OneRepublic: The BEST of the BEST in both teh universe and heaven and hell.
But this a fact, just like the sun rises from the east.
What we see may not be the truth. And WHAT is TRUTH? We may not see.
This is the infamous Lovers List that appeared last year. It is a list of romantic relationships among junior secondary students at the school. To protect the innocent (and the not-so-innocent), the names have been hidden. What was surprising was the number of Form 1 (Grade 7) students in romantic relationships. There were more couples in Form 1 than in Forms 2 and 3.

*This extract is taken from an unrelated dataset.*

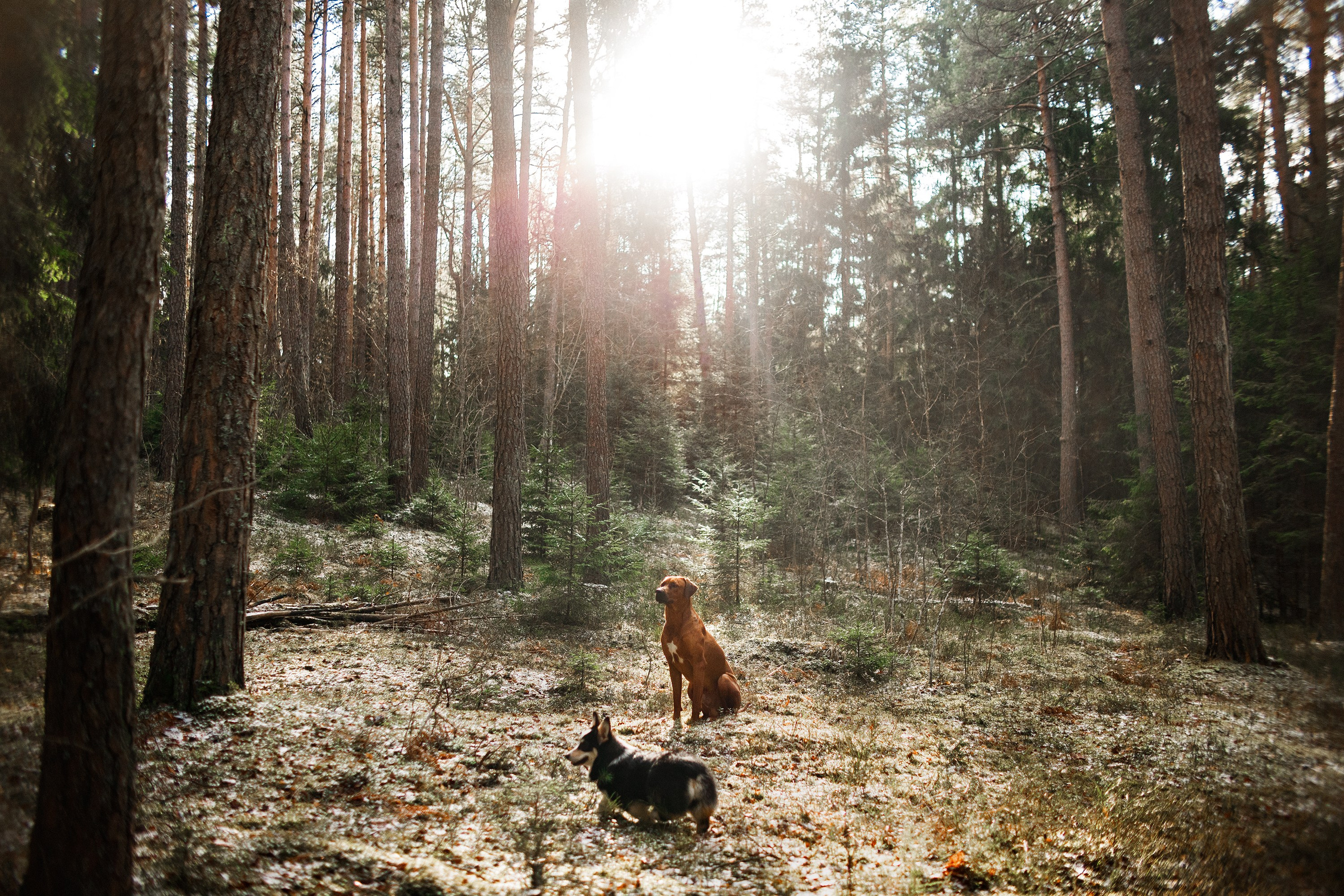 Corgi kennel & some other dogs in the forest. Kaja | fotograf psów we Wrocławiu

Running through the monsoon
Beyond the world
To the end of time
Where the rain won’t hurt.
Fighting the storm
into the blue.
When I lose myself
I’ll think of you
Together we’ll be running somewhere new
These are lyrics from Through the Monsoon by the German rock band Tokio Hotel.
Crayon Shin-chan is the name of a manga and anime series created by Yoshito Usui. The main character, Shinnosuke “Shin” Nohara, is pictured above. Most of the humour for the show derives from Shin’s inappropriate (and somewhat lewd) behaviour. Tragically, the artist died during a hiking accident last year.
“I’m black so what? My skin is black since I was born. I don’t like it and stop teasing me.”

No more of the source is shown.